Short descriptive text snippets
══════════
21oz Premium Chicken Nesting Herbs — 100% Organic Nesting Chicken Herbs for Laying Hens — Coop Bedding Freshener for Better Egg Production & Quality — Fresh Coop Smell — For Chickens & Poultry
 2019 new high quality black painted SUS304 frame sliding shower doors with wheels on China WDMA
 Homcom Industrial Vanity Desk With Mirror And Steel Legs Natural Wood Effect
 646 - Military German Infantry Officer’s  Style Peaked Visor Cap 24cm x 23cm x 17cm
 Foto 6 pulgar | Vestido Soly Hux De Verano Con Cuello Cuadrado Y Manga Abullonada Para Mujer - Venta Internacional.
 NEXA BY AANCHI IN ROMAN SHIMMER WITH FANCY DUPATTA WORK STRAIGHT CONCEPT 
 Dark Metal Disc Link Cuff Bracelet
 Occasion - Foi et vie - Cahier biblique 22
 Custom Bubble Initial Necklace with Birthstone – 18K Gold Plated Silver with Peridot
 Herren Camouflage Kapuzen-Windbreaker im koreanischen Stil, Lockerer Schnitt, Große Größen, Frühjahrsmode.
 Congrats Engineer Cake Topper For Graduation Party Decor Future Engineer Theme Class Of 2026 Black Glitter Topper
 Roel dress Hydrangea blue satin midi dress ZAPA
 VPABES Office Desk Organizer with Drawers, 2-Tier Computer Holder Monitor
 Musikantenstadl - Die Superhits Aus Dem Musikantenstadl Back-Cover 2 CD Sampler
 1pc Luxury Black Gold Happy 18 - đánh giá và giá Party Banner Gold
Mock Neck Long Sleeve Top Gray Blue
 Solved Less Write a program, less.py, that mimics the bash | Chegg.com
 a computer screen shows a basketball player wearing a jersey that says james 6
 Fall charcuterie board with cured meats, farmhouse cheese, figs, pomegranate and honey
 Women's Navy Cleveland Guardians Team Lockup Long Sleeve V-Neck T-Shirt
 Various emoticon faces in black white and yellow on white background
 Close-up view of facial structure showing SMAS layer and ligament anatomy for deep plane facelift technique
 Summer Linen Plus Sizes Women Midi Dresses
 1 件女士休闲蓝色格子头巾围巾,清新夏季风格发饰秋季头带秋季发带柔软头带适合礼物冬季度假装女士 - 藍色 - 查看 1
══════════
Activity: From the first line to the last, write out the data exactly.

Result below:
21oz Premium Chicken Nesting Herbs — 100% Organic Nesting Chicken Herbs for Laying Hens — Coop Bedding Freshener for Better Egg Production & Quality — Fresh Coop Smell — For Chickens & Poultry
 2019 new high quality black painted SUS304 frame sliding shower doors with wheels on China WDMA
 Homcom Industrial Vanity Desk With Mirror And Steel Legs Natural Wood Effect
 646 - Military German Infantry Officer’s  Style Peaked Visor Cap 24cm x 23cm x 17cm
 Foto 6 pulgar | Vestido Soly Hux De Verano Con Cuello Cuadrado Y Manga Abullonada Para Mujer - Venta Internacional.
 NEXA BY AANCHI IN ROMAN SHIMMER WITH FANCY DUPATTA WORK STRAIGHT CONCEPT 
 Dark Metal Disc Link Cuff Bracelet
 Occasion - Foi et vie - Cahier biblique 22
 Custom Bubble Initial Necklace with Birthstone – 18K Gold Plated Silver with Peridot
 Herren Camouflage Kapuzen-Windbreaker im koreanischen Stil, Lockerer Schnitt, Große Größen, Frühjahrsmode.
 Congrats Engineer Cake Topper For Graduation Party Decor Future Engineer Theme Class Of 2026 Black Glitter Topper
 Roel dress Hydrangea blue satin midi dress ZAPA
 VPABES Office Desk Organizer with Drawers, 2-Tier Computer Holder Monitor
 Musikantenstadl - Die Superhits Aus Dem Musikantenstadl Back-Cover 2 CD Sampler
 1pc Luxury Black Gold Happy 18 - đánh giá và giá Party Banner Gold
Mock Neck Long Sleeve Top Gray Blue
 Solved Less Write a program, less.py, that mimics the bash | Chegg.com
 a computer screen shows a basketball player wearing a jersey that says james 6
 Fall charcuterie board with cured meats, farmhouse cheese, figs, pomegranate and honey
 Women's Navy Cleveland Guardians Team Lockup Long Sleeve V-Neck T-Shirt
 Various emoticon faces in black white and yellow on white background
 Close-up view of facial structure showing SMAS layer and ligament anatomy for deep plane facelift technique
 Summer Linen Plus Sizes Women Midi Dresses
 1 件女士休闲蓝色格子头巾围巾,清新夏季风格发饰秋季头带秋季发带柔软头带适合礼物冬季度假装女士 - 藍色 - 查看 1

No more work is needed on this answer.